With the pictures left out, restate exactly the part below that opens with the line containing "Disfraces premiados en" and closes with the line containing "Deux agriculteurs devant".

─── Records provided ───

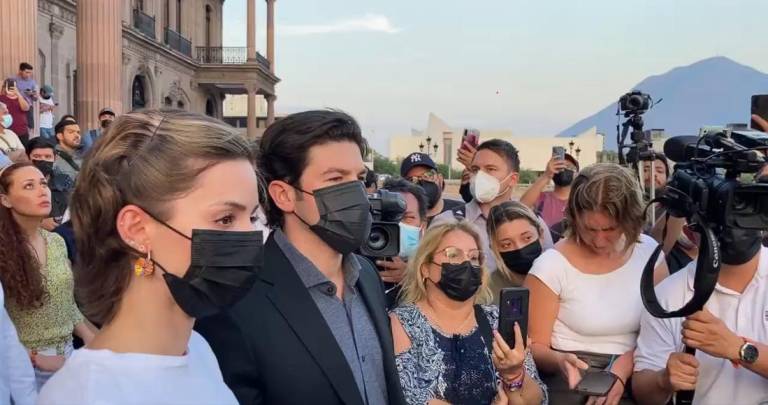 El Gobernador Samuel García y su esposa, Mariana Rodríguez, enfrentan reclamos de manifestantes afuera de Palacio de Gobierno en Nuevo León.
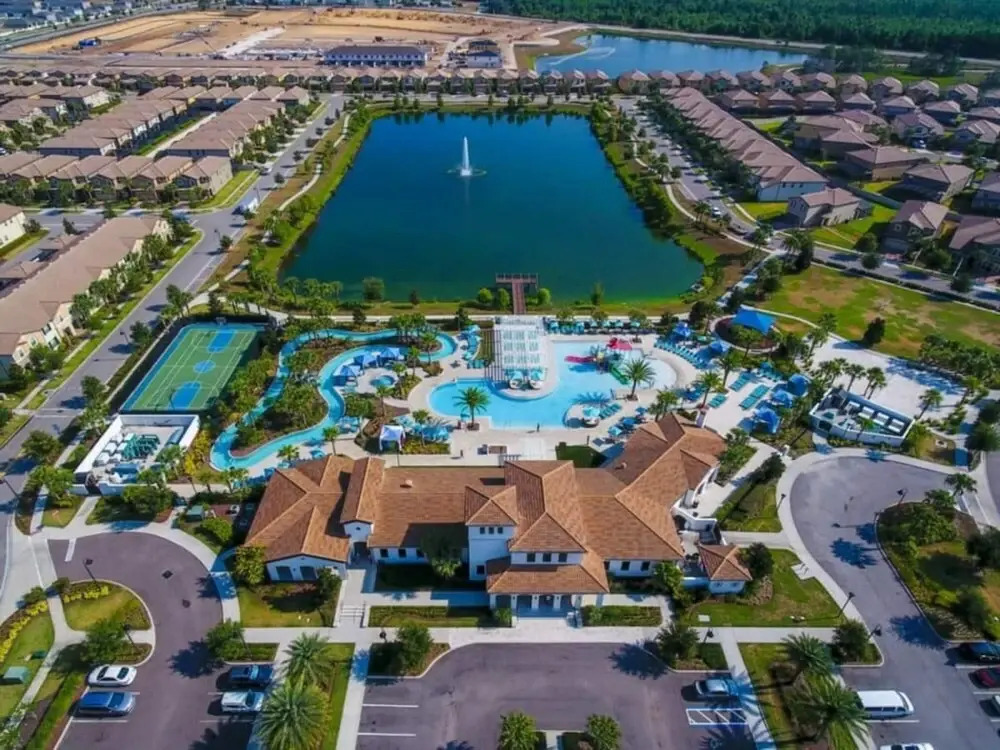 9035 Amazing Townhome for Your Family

───
─── Records provided ───

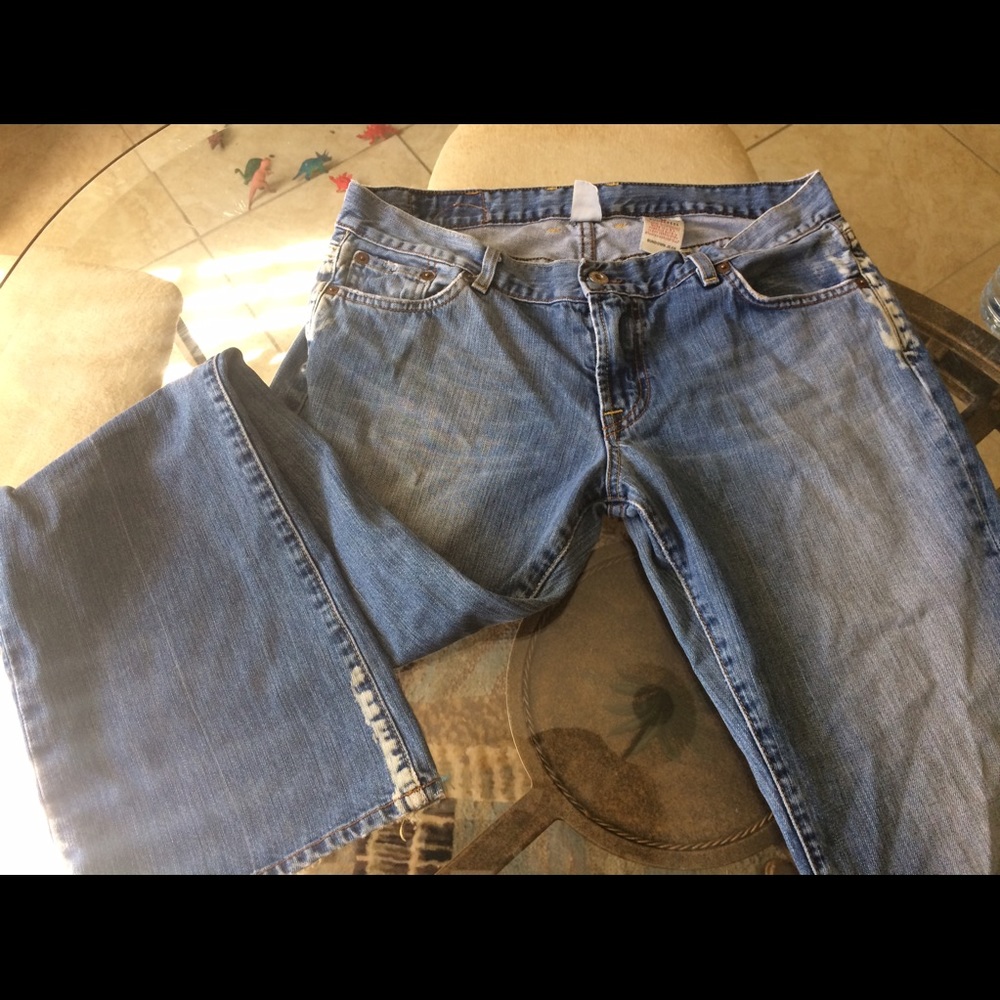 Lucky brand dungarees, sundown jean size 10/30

───
─── Records provided ───

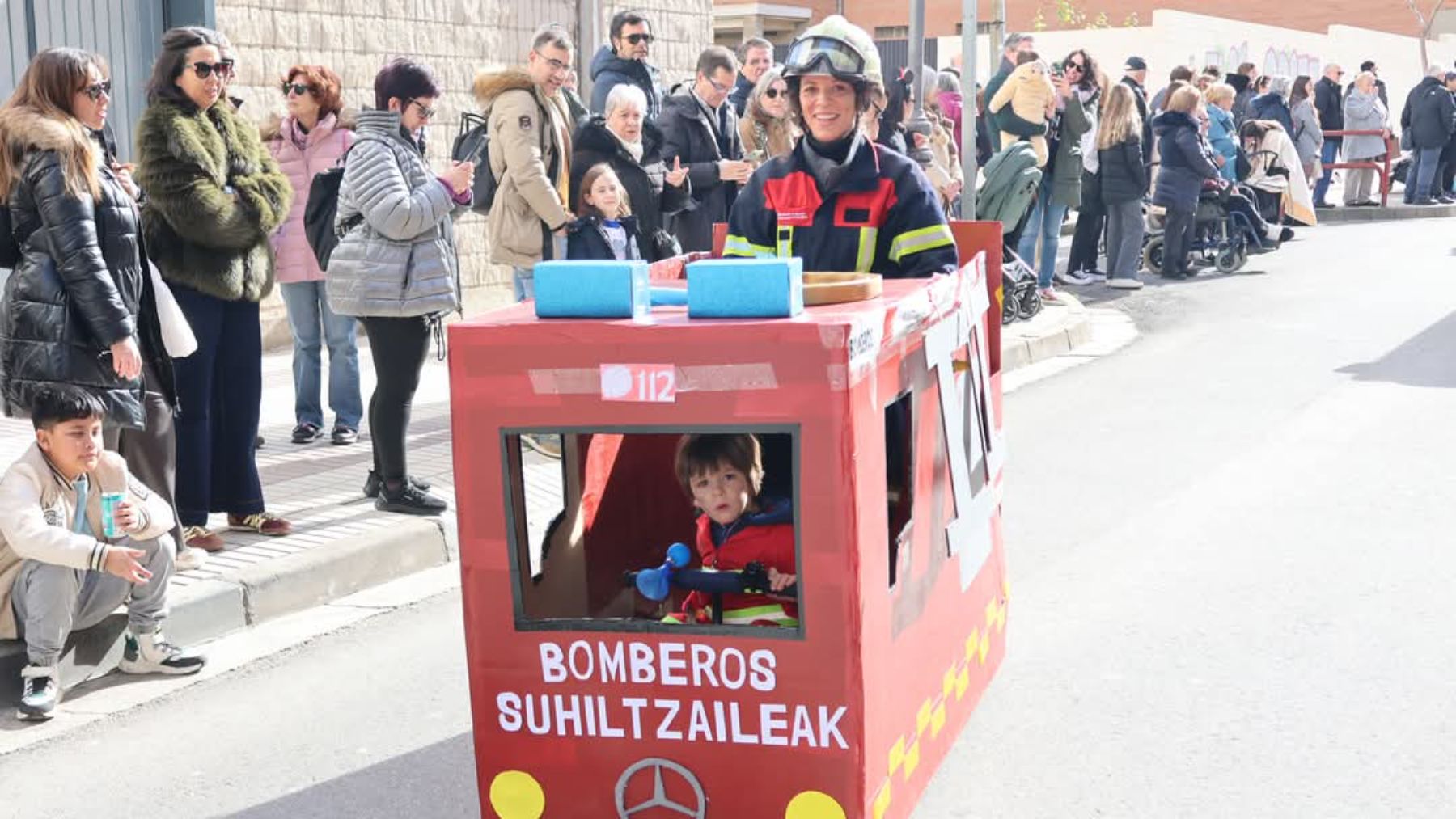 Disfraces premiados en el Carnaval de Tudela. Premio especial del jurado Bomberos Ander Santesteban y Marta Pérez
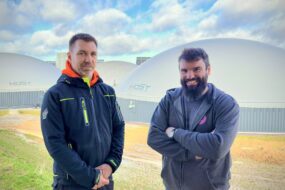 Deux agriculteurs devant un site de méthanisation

───

• [Task result]
 Disfraces premiados en el Carnaval de Tudela. Premio especial del jurado Bomberos Ander Santesteban y Marta Pérez
 Deux agriculteurs devant un site de méthanisation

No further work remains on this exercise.